WORK TASK.
Without including any images, repeat the data exactly.

INFORMATION SUPPLIED.
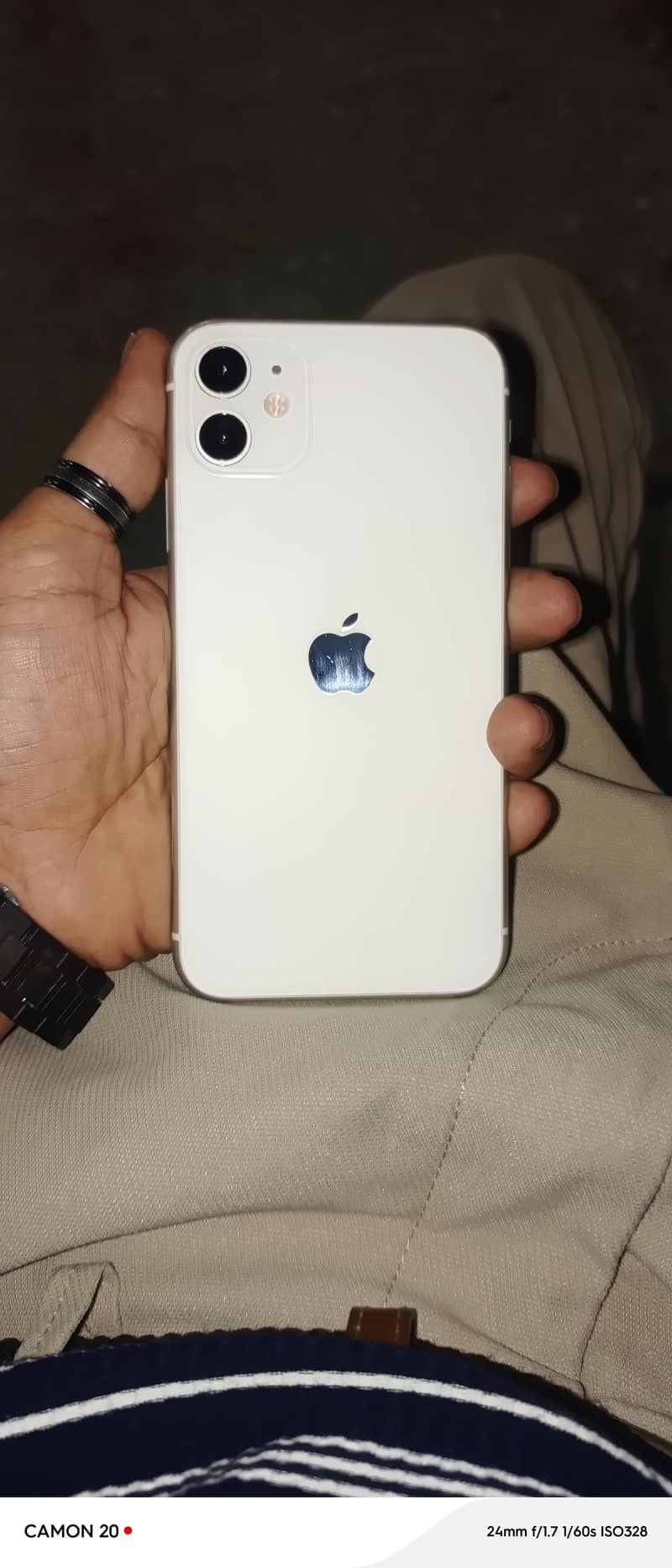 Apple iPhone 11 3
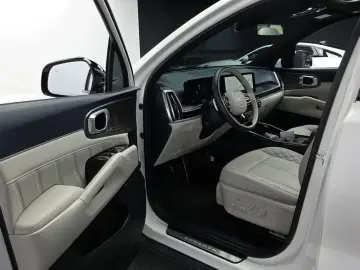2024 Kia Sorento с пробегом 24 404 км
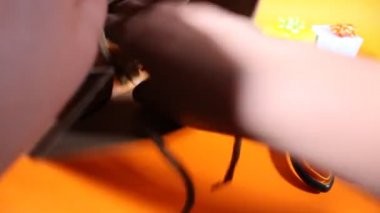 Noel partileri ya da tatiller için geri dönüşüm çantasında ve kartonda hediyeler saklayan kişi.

COMPLETED TASK.
 Apple iPhone 11 3
2024 Kia Sorento с пробегом 24 404 км
 Noel partileri ya da tatiller için geri dönüşüm çantasında ve kartonda hediyeler saklayan kişi.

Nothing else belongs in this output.